He felt a nauseating clench in his gut. This couldn’t be good.
Glancing down at the smiling face of his mother on the phone—blunt-cut blonde hair, a turned up nose, the dark brown eyes, looking decades younger than her current age of sixty-three—made him feel even sicker.
“Mom?” he whispered to the darkness, suddenly afraid of pressing the button on the screen that would connect them.
More to quiet the inane rhythm of the tune than for anything else, Bobby pressed Accept only a moment before he knew the call would have been sent to voice mail.
If Michelle was calling in the middle of the night, the last thing she would probably want to hear was her son’s voice, informing her that he was not available right now.
“Mom?” Bobby said again, this time into the phone.
“Thank God you answered! I wasn’t sure you wouldn’t be asleep, and then you wouldn’t pick up, and I just don’t know what I would have done if you hadn’t picked up. But you’re there, and we’re talking, and that’s a good thing. Actually, the thing I prayed for. Oh, son, it’s sweet to hear your voice.”
Bobby cut her off before she could babble any further. This wasn’t like his mother, who was usually found in the phrase dictionary next to “calm, cool, and collected.” “Mom? Mom, you’re babbling. Is everything okay?”
There was silence on the other end of the line, then a very embarrassing, wet-sounding snort. Bobby listened to his mother draw in a great, quivering breath. “No, sir,” his mother finally said. “Everything is not okay, not okay at all.”
Before she started off on a crying jag or babbling again, Bobby brought her to the point. At the same time, he felt a chill course through him, as if he knew already the words his mother would eventually utter. “What’s going on, Mom?”
“It’s your father.”
“What about him?”
“He’s dead.”
The words hung in the air, oddly casual, as though she had said he’s in the bathroom or he’s playing canasta or he’s a Republican.
“Dead? What do you mean?

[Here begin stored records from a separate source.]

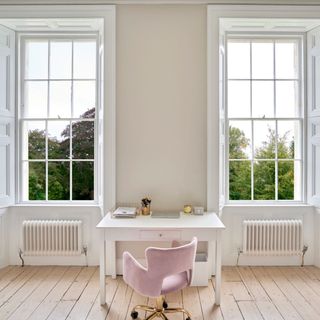 two full sized sash windows in period home cream with white desk and pink chair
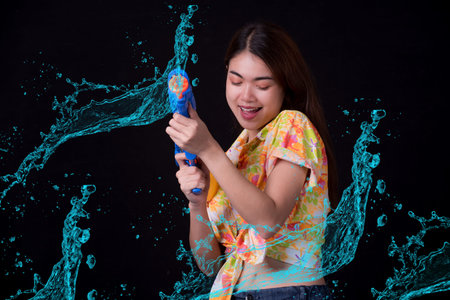Portrait cheerful young asian woman holding plastic water gun Smiling and having fun playing in the...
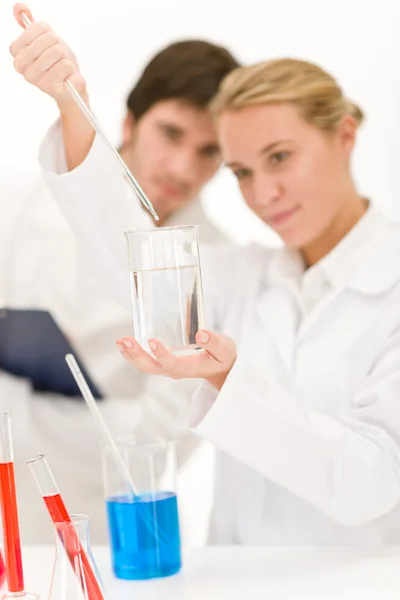 Científicos en laboratorio con productos químicos — Foto de Stock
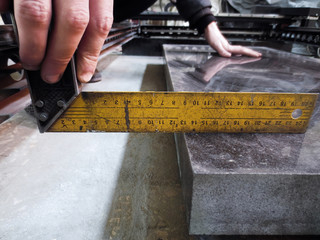 The person measures the angle with a setsquare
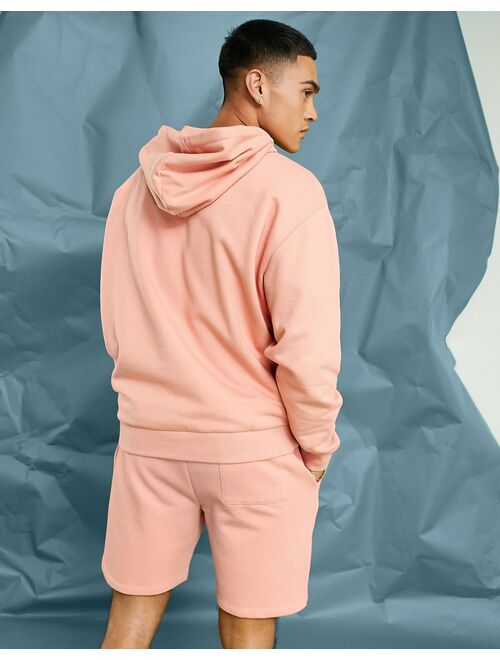 ASOS DESIGN oversized hoodie in pastel orange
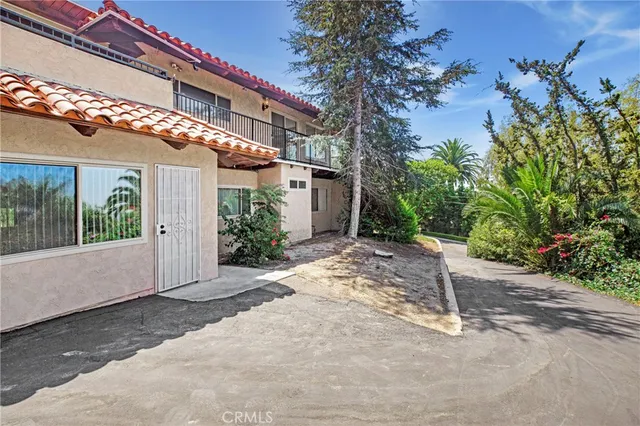 a view of a building with a yard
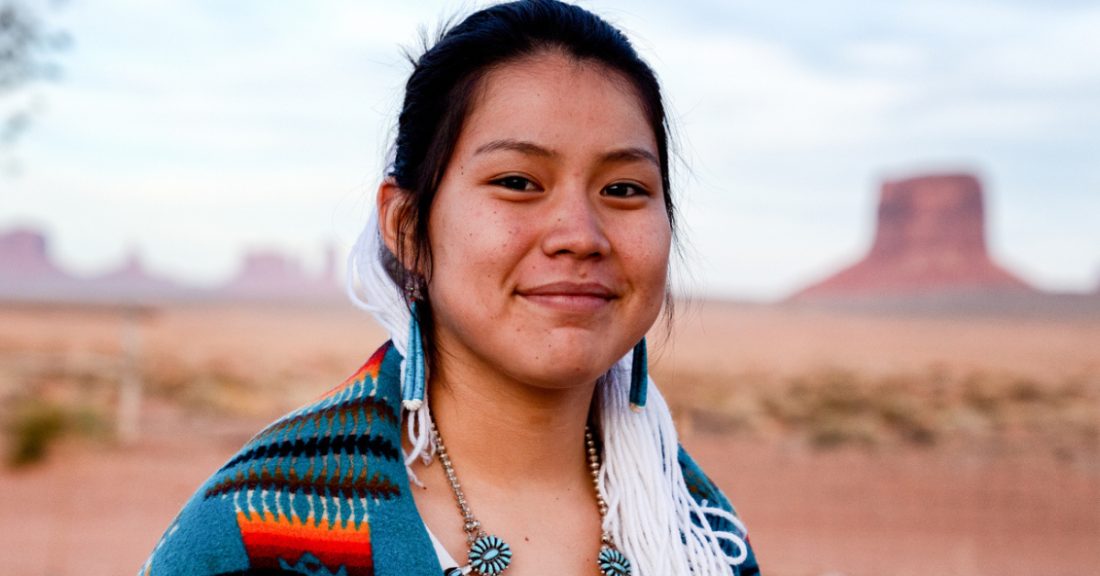 Young woman of native american heritage stands outside.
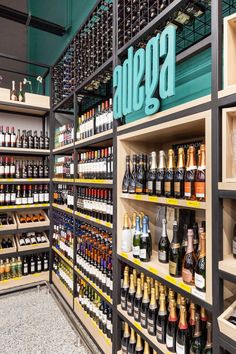 the shelves are filled with many different types of wine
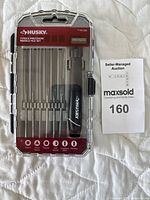 Packaged Husky 7-piece precision needle file set showing six different file shapes plus handle.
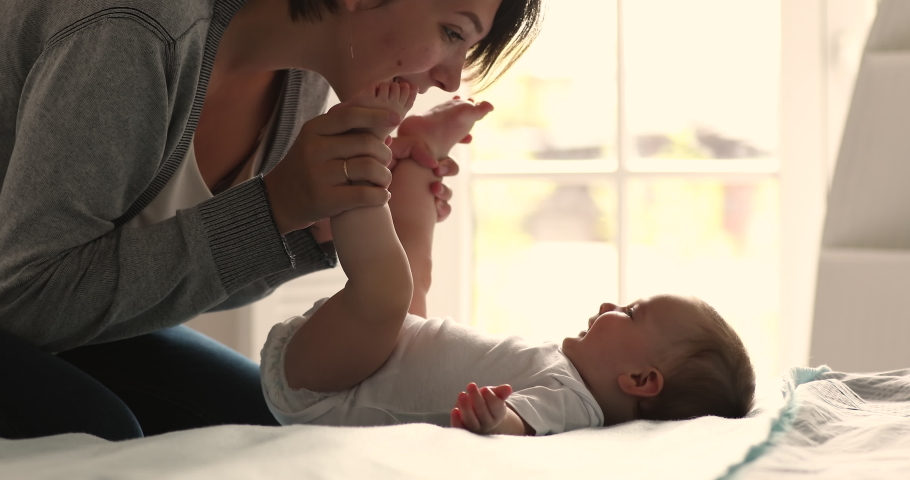 Loving mom kisses tiny toes of her cute 0-6 baby girl, close up. Smiling infant lying on bed enjoy mum caress and playtime looks satisfied. Babyhood, happy motherhood, mothers sincere love concept Royalty-Free Stock Footage #1085132297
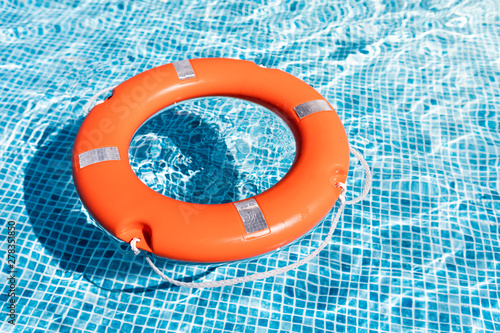 Orange salvage float in blue water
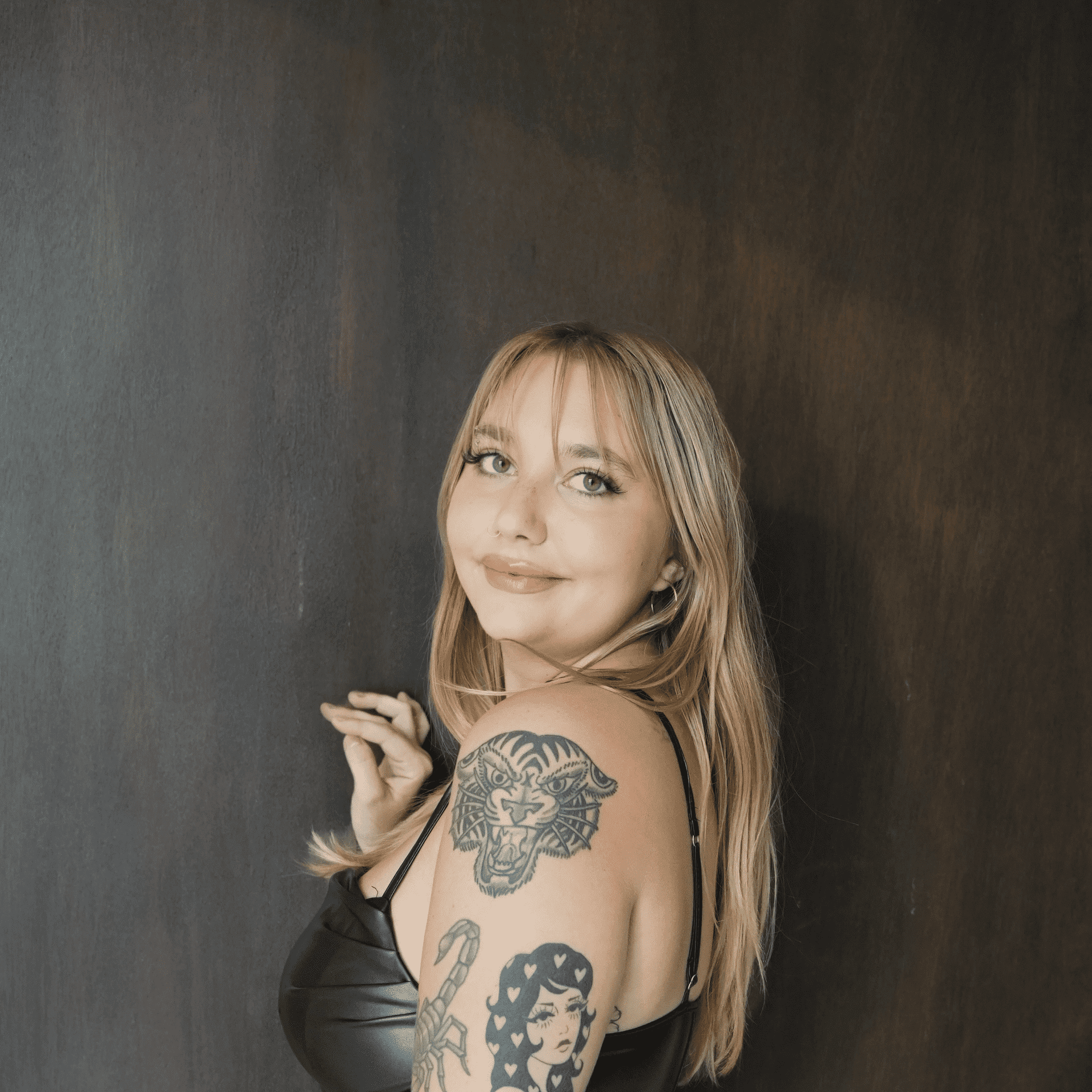 Portrait of Kayleigh Goines, a professional stylist at Salt and Waves Salon, showcasing their expertise and style.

Dad’s only sixty-two.” Bobby knew his follow-up response made little sense, but it was true—this was not a call he expected to get at this stage of life. “Did I hear you right?” Yeah. That must be it. She said he’s red, meaning he somehow got a sunburn, or he’s fed, meaning he downed the leftovers from that night’s dinner.
“Oh, Robert! Of course you heard me right.” The anger in her tone seemed to usurp her despair. “What else would I have said? For heaven’s sake. Your father got up a couple of hours ago to use the bathroom. The next thing I know I heard a bang, like something heavy going over. I got up to check on him—” And suddenly she stopped talking; the despair returned full force. When she was able to speak, her voice was like a little girl’s, high-pitched and choked by sobs. “I called out, ‘Bob? Everything okay in there?’ and then I tried to push on the bathroom door to open it.” She sobbed. “I tried to push on the door. I tried to push on the door.”
“Mom?”
“I tried to push on the door, and it wouldn’t open. It wouldn’t open because—oh God!—he was lying there on the floor, blocking it. By the time I could move it enough to poke my head inside, I saw him lying there, white as a sheet, eyes just staring up, but not at me. You know? He had a heart attack is what they’re saying. A massive heart attack.”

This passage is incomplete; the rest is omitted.